Pastor McKee walked toward her, and she walked toward him. He grimaced as they got close.
“I only ask, dinnae try to save me,” he blurted.
He extended his hand, trembling. She held out the flask. She tried to think of what she might say to talk him off the earth.
He grasped the flask and collapsed on the spot, as if he had been shot. Hester gasped. She knelt at his side.
He opened the bottle with monumental effort. His entire body began quaking with tremors. He managed to get the flask to his lips. It spilled, but some of it went into his mouth. He swallowed. He closed his eyes, in what Hester thought was either agony or ecstasy. The cork dropped to the ground and rolled on its side in an arc on the floor, landing next to her. In his seizure, he held the flask out to her, with the liquid splashing out of the narrow opening. He wanted her to have it. She took it from him and threw it down, lifting his head and shoulders onto her lap.

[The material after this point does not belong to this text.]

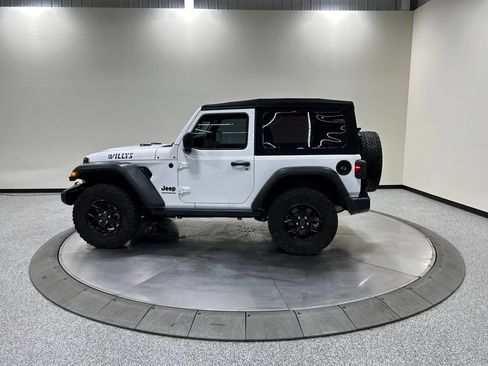 Used 2024 Jeep Wrangler Sport AWD/4WD image 10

“What’s happening?” she asked him.
He looked at her with wide, frightened eyes. She saw bruises forming on his neck, and she gasped. He wheezed at first, and the sound got tighter until a high-pitched whistling barely escaped. His lips began to turn blue. She heard a rattling gurgle as his windpipe closed. She saw the bony structure of his throat collapse, as if an invisible hand had crushed it, and then—worse than the rattling—she heard eerie silence. His eyes bulged until she could see their ball shape protruding from the sockets. His face was bright red, and his body writhed as she held him, but not a sound escaped his mouth. His head shook wildly back and forth, as if saying no, no, no. He didn’t want to die!